Prove that $F_{x^{n+1}} \sim 5^{\frac{x-1}{2}}F_{x^n}^x \forall x,n \geq 1$, holding either variable constant while the other goes to infinity

Question

I noticed from looking at the prime factorizations of some Fibonacci numbers that all those with an index equal to a power of 5 divided that power of five, a property not guaranteed by the strong divisibility property alone. It was while searching for the approximate value of the characteristic factors of these numbers that I noticed $\frac{F_{5^{n+1}}}{F_{5^n}^{5}}\sim 5^2$ as n goes to infinity. Recognizing 5 as 2*2+1, I found that the above could be generalized to a special case of the asymptotic equality that I'm looking to prove in which x is odd. The difference between the two sides of the identity in question grows quite rapidly in absolute value as n increases, but this value is telescoping.

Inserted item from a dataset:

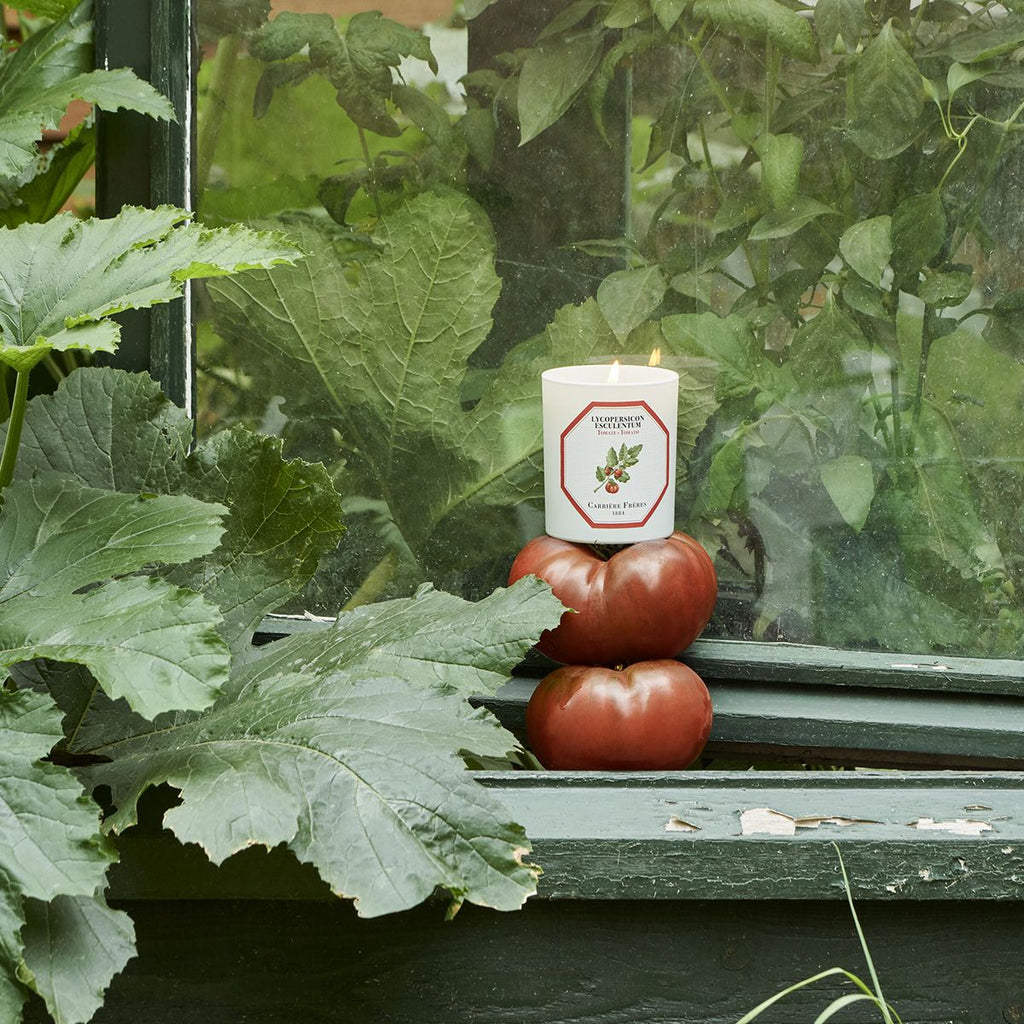 Bougie Tomate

For particular x, can we somehow use the set of approximations given by repeated application of the main identity to recursively identify the value of the Fibonacci number whose index is the following power of x?

Answer 1

Since $F_n \sim 5^{-\frac 12} \phi^n $ for large $n$, (where $\phi = \frac {1+ \sqrt 5}2$)

For fixed $x$ and large $n$, we have $F_{x^{n+1}} \sim 5^{-\frac 12} \phi^{x^{n+1}} = 5^{\frac {x-1}2}(5^{-\frac 12} \phi^{x^n})^x \sim 5^\frac{x-1}2 F_{x^n}^x$